Letters to the Editor

Readers submit their thoughts on using scribes and paying for medical school.

Sounding off on scribes

Thank you for the article about using scribes (“Scribes: A write way and a wrong way, “ ACP Internist, February 2012) in an era when we are being encouraged to use electronic medical records (EMRs). While the convenience of electronic storage and retrieval of medical tests is undeniable, I am concerned about the likelihood of having to pay attention to the laptop to the detriment of the patient. The foundation of medical care starts with the patient-doctor interaction. That something so fundamental could be disrupted by EMRs may be one of the reasons for their slow adoption by medical practices. High costs for EMR system acquisition and maintenance and substantial loss of practice productivity certainly contribute as well.

Cory Krueger, MD, FACP
Cottonwood, Ariz.

Regarding the recent article on scribes, we've come to a point where the “tail is wagging the dog.” The EMR has already seriously degraded the quality of physician-patient communication, turning a narrative into a checklist. An effective therapeutic relationship involves transference/countertransference, employing body language and other nonverbal forms of communication. With a scribe, the intimacy and confidentiality that lead to disclosure of important emotional material can't possibly occur. We old-timers understand the importance of the emotional dynamic to the therapeutic equation. Are we soon to expect scribes in the office of psychiatrist colleagues?

Richard Lipton, MD, FACP
New Hyde Park, N.Y.

Paying for medical school up front

Over the past half-century, as medical school became more accessible, banks stepped in to provide student loans to these new students. But average medical school debts now top $160,000, and actual repayment sums have snowballed to about twice that, according to data from the Association of American Medical Colleges (AAMC). Paying for medical school up front could ensure access while saving money.
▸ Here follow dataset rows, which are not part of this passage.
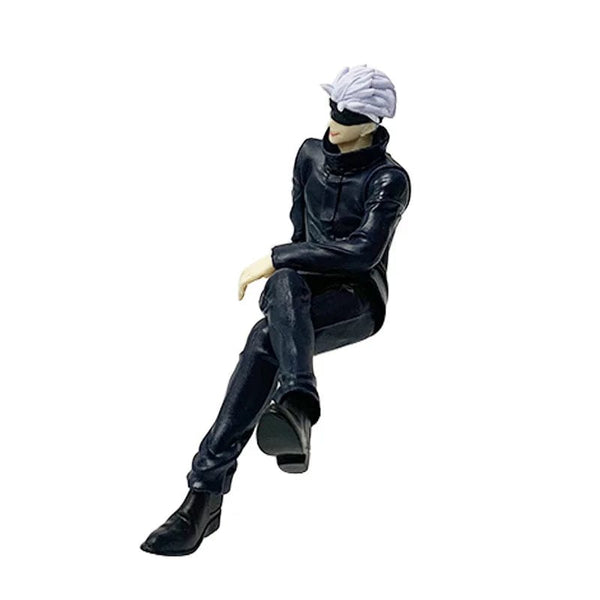 Planet Gates Jujutsu Kaisen 11cm 14cm Sitting Satoru Gojo Figure With Chair Break Time Collection Model Anime Decoration Toys Gifts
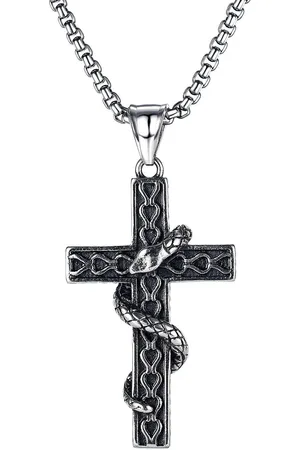 Firetti Ketting met hanger Sieraad cadeau kruis slang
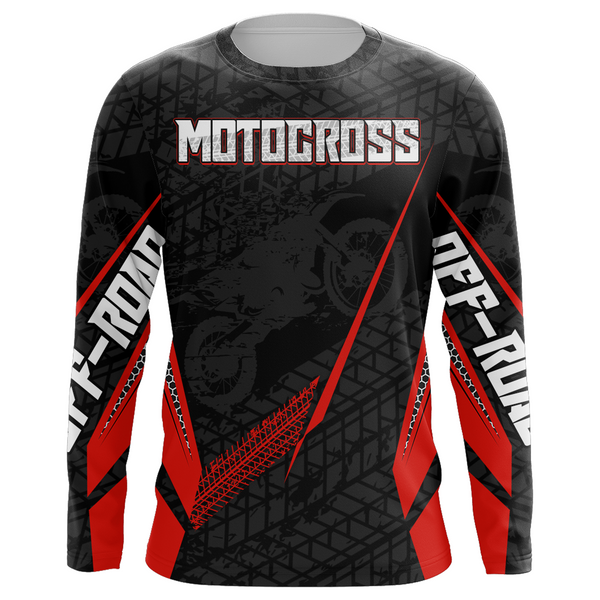 Motocross Racing Jersey Kid Women Men Dirt Bike Shirt Upf30+ Off-road Jersey Red XM254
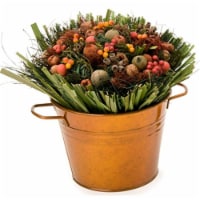 Houston International Trading 6051E GC Enameled Galvanized Planter, Glazed Caramel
According to studies in the March 6, 2010 Lancet and the Sept. 7, 2011 Journal of the American Medical Association, there are about 10 times as many total active physicians in the U.S. as there are total enrolled medical students. Therefore, any pay cut to physicians could cut tuition by 10 times for students. Based on AAMC data (available online) the weighted average cost of a year of medical school (public and private) is $38,000. To cover this for all medical students, each physician could take a $3,800 annual pay cut. Since the cuts would be replacing education costs, doctors would actually end up making more money.

AAMC estimates indicate that the average physician spends about 15 years repaying loans, at a cost of about $21,000 per year. Even with a $3,800 annual pay cut, physicians would see a net gain of $17,200 per year for the first 15 years of their careers. The cuts would only start to become a net loss if a physician worked for more than 67 years. And the savings would come at a pivotal time, when most physicians are living off meager resident incomes, beginning families, buying homes, and trying to start saving for retirement.

Society would also benefit. Graduating debt-free would enable more students to specialize in family medicine, pediatrics, geriatrics, and obstetrics and gynecology rather than higher-paying specialties. Taxpayers too would benefit, since they would no longer have to subsidize federal loans. The only ones who stand to lose are the banks, which according to AAMC data currently make over a billion dollars in interest per graduating class of physicians.

To implement this plan, a coalition of public and private insurers could agree to cut physician reimbursements and put that money in a pool to fund medical school tuition. Creating such a coalition would be difficult, but the federal government, which already controls most health care spending, could act alone. In this case, we would need to keep physicians-in-training from accepting a free education but later refusing government-insured patients. One solution would be creating a buy-in program similar to the military's: Students could go to medical school for free or at a discounted rate in exchange for a promise to serve Medicare and Medicaid patients after training.

As medical education debts have ballooned and interest rates have shot up, loans have become the very barriers they were once meant to break down. Our current trajectory leaves medical students and doctors increasingly constrained and the country with a shortage of primary care doctors, with taxpayers footing much of the bill. Paying for medical education up front benefits all of these parties with a potential downside only for the banks.